## September 13, 2017, 1:15pm – 2:15pm

*Lecture: Detecting Planets in the Presence of Stellar Activity*

**Location:** SAMSI Classroom

**Speaker:** David Jones, Duke University

## Abstract

The radial velocity technique is one of the two main approaches for detecting planets outside our solar system, or exoplanets as they are known in astronomy. When a planet orbits a star it causes the star to move and this induces a Doppler shift (i.e. the star light appears redder or bluer than expected), and it is this effect that the radial velocity method attempts to detect. Unfortunately, these Doppler signals are typically contaminated by various “stellar activity” phenomena, such as dark spots on the star surface. A principled approach to recovering planet Doppler signals in the presence of stellar activity was proposed by Rajpaul et al. (2015), and involves the use of dependent Gaussian processes to jointly model the corrupted Doppler signal and multiple proxies for stellar activity.

We build on this work in two ways: (i) we propose using dimension reduction techniques to construct more informative stellar activity proxies; (ii) we extend the Rajpaul et al. (2015) model to a larger class of models and use a model comparison procedure to select the best model for the particular stellar activity proxies at hand. Our approach results in substantially improved statistical power for planet detection than using existing stellar activity models in the astronomy literature. Future work will move beyond our current class of models by making use of kernel-learning methods.

## References

No references provided at this time

## September 20, 2017, 1:15pm – 2:15pm

*Lecture: Disjunctive Cuts for Mixed-Integer Conic Programs*

**Location:** SAMSI Classroom

**Speaker:** Sercan Yildiz, SAMSI Postdoctoral Fellow

## Abstract

Mixed-integer linear programming (MILP) provides a powerful and versatile framework for optimization problems which require discrete decisions. However, many optimization problems of practical interest cannot be modeled with linear constraints alone. Mixed-integer conic programming (MICP) captures nonlinear relationships between the decision variables with conic constraints and enhances the representation power of MILP. Inspired by the practical success of cutting-planes in MILP, we consider in this talk inequalities derived from two-term disjunctions on regular cones. These inequalities can be used to strengthen generic problem formulations in MICP. In the cases where the cone under consideration is the second-order cone or the positive semidefinite cone, we show that the convex hull of the disjunction admits a simple tractable description in the original space under certain conditions.

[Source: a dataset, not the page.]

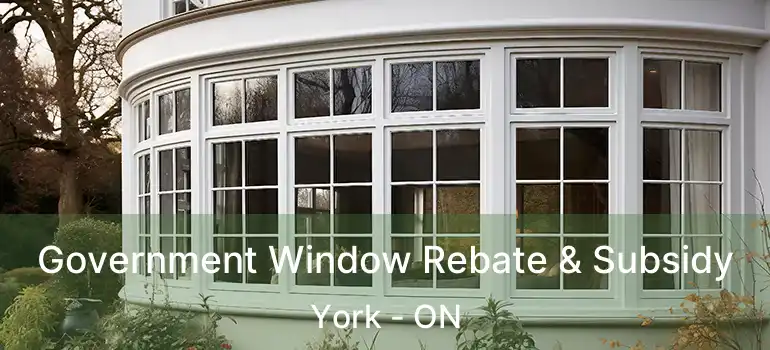  Government Window Rebate & Subsidy York - ON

We also provide low-complexity convex relaxations that can be used as cuts when these conditions are not satisfied.

## References

- Fatma Kilinc-Karzan and Sercan Yildiz. Two-term disjunctions on the second-order cone. Mathematical Programming Ser B., 154(1):463–491, 2015.
- Sercan Yildiz and Fatma Kilinc-Karzan. Low-complexity relaxations and convex hulls of disjunctions on the positive semidefinite cone and general regular cones. Optimization Online preprint (2016). http://www.optimization-online.org/DB_HTML/2016/04/5398.html.

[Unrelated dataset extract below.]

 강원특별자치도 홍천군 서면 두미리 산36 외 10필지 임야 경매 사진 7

## September 27, 2017, 1:15pm – 2:15pm

*Lecture: Two novel statistical methods from astro-statistics*

**Location:** SAMSI Classroom

**Speaker:** Hyungsuk Tak, SAMSI Postdoctoral Fellow

## Abstract

I introduce two statistical methods motivated by two astrophysical problems. The first one is a new Markov chain Monte Carlo method for multi-modality, called the repelling-attracting Metropolis (RAM) algorithm, that maintains the simple-to-implement nature of the Metropolis algorithm, but is more likely to jump between modes. The RAM algorithm is a Metropolis-Hastings algorithm with a proposal that consists of a downhill move in density that aims to make local modes repelling, followed by an uphill move in density that aims to make local modes attracting. The downhill move is achieved via a reciprocal Metropolis ratio so that the algorithm prefers downward movement. The uphill move does the opposite using the standard Metropolis ratio which prefers upward movement.

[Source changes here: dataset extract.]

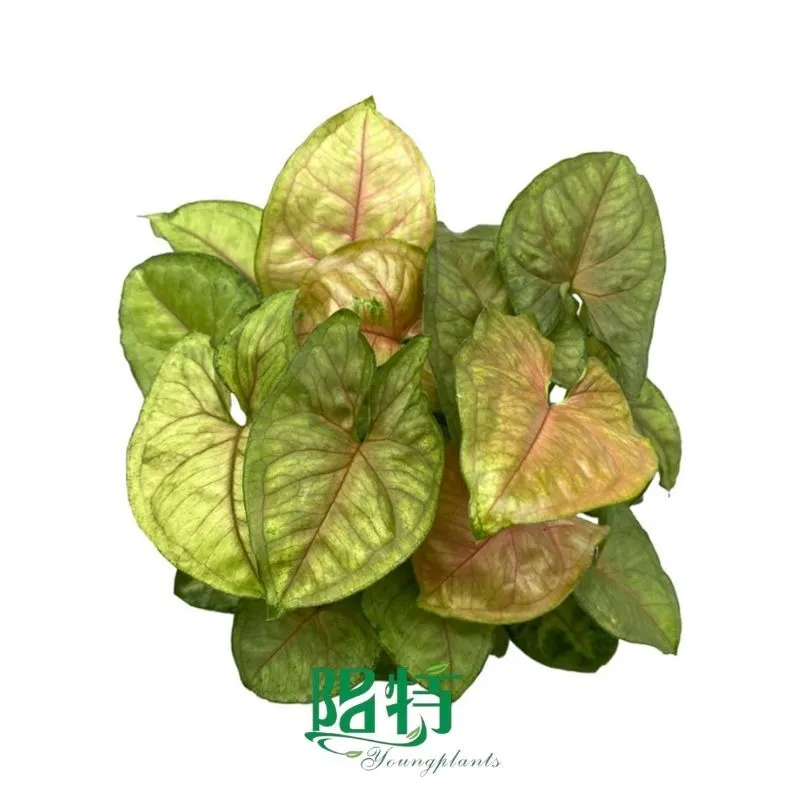 Foshan Youngplants - Tissue Culture Plants Micropropegation Cuttings In Vitro Supply Syngonium podophyllum 'Maria' 1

The second one is a mixture of Gaussian and Student’s t measurement errors for robust and accurate inference. A Gaussian error assumption, i.e., an assumption that the data are observed up to Gaussian noise, can bias any parameter estimation in the presence of outliers. A heavy tailed error assumption based on Student’s t-distribution helps reduce the bias, but it may be less efficient in estimating parameters if the heavy tailed assumption is uniformly applied to most of normally observed data. The proposed mixture error assumption selectively converts Gaussian errors into Student’s t errors according to latent outlier indicators, leveraging the best of the Gaussian and Student’s t errors; a parameter estimation becomes not only robust but also accurate.

## References

- H. Tak, X.-L. Meng, and D. A. van Dyk (2017+) “A Repelling-Attracting Metropolis Algorithm for Multimodality,” Journal of Computational and Graphical Statistics, to appear (arXiv preprint 1601.05633).
- H. Tak, J. A. Ellis, and S. K. Ghosh (2017+) “Robust and Accurate Inference via a Mixture of Gaussian and Student’s $t$ Errors,” submitted (arXiv preprint 1707.03057).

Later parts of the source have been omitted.